## Task brief
Please write out all the data that follows exactly, without the pictures.

## Data provided
----

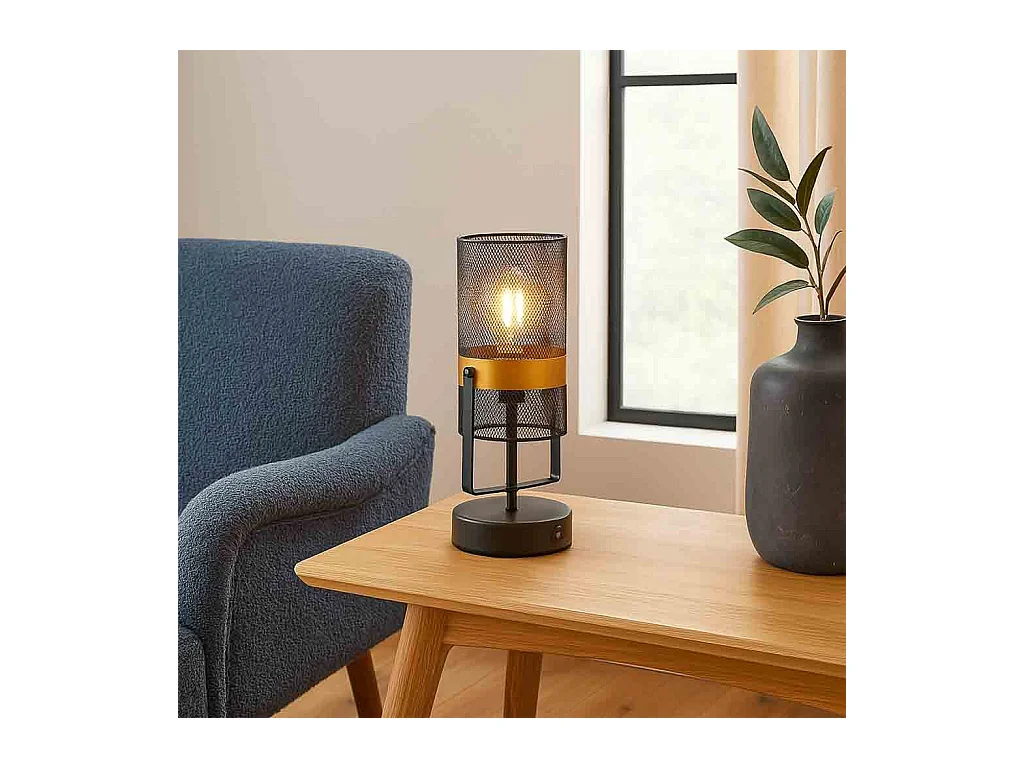 Lampe de table en métal noir avec 1 spot 12,5x12,5x31h cm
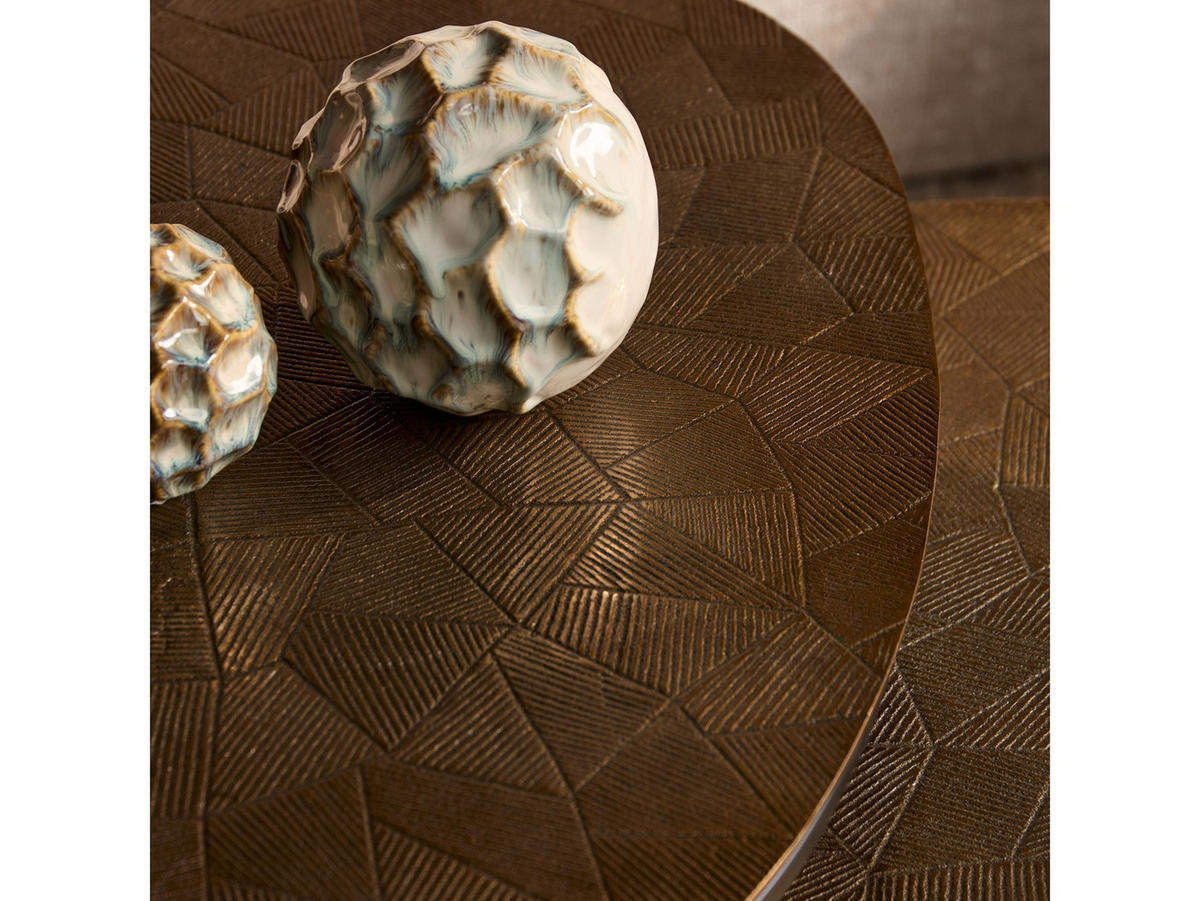 COUCHTISCH Filorin Metall 90 cm / 65 cm + 70 cm / 55 cm Metalic Gold - Goldfarben, Metall (65/90/50cm)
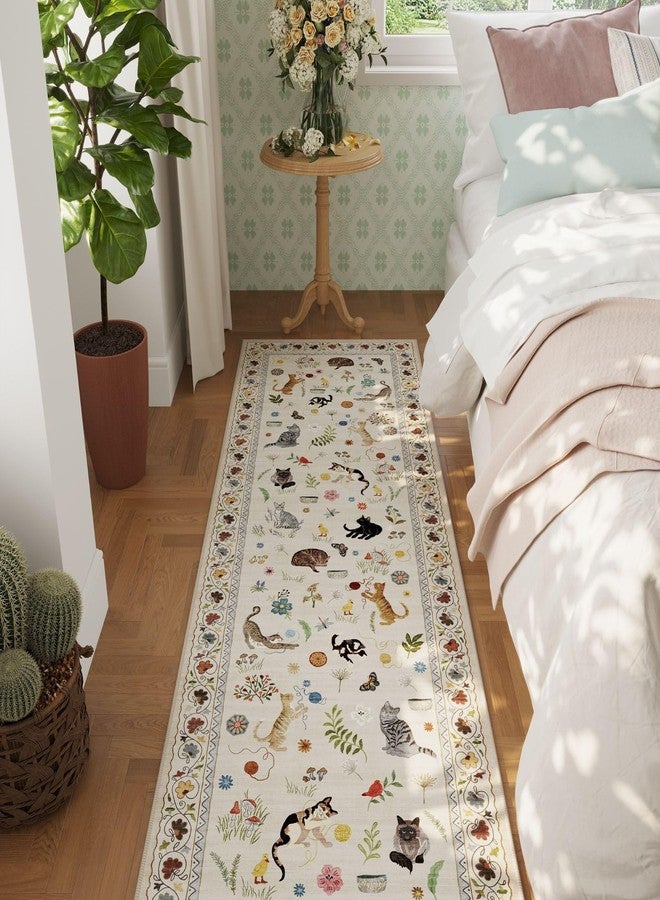 Rugcomf Runner Rug for Kitchen Non Slip 2'x6' Washable Rugs with Rubber Backing Soft Floral Animal Cat Carpet for Kitchen Laundry Bedroom Bathroom, Beige - Image 3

----

## Result of this exercise
 Lampe de table en métal noir avec 1 spot 12,5x12,5x31h cm
 COUCHTISCH Filorin Metall 90 cm / 65 cm + 70 cm / 55 cm Metalic Gold - Goldfarben, Metall (65/90/50cm)
 Rugcomf Runner Rug for Kitchen Non Slip 2'x6' Washable Rugs with Rubber Backing Soft Floral Animal Cat Carpet for Kitchen Laundry Bedroom Bathroom, Beige - Image 3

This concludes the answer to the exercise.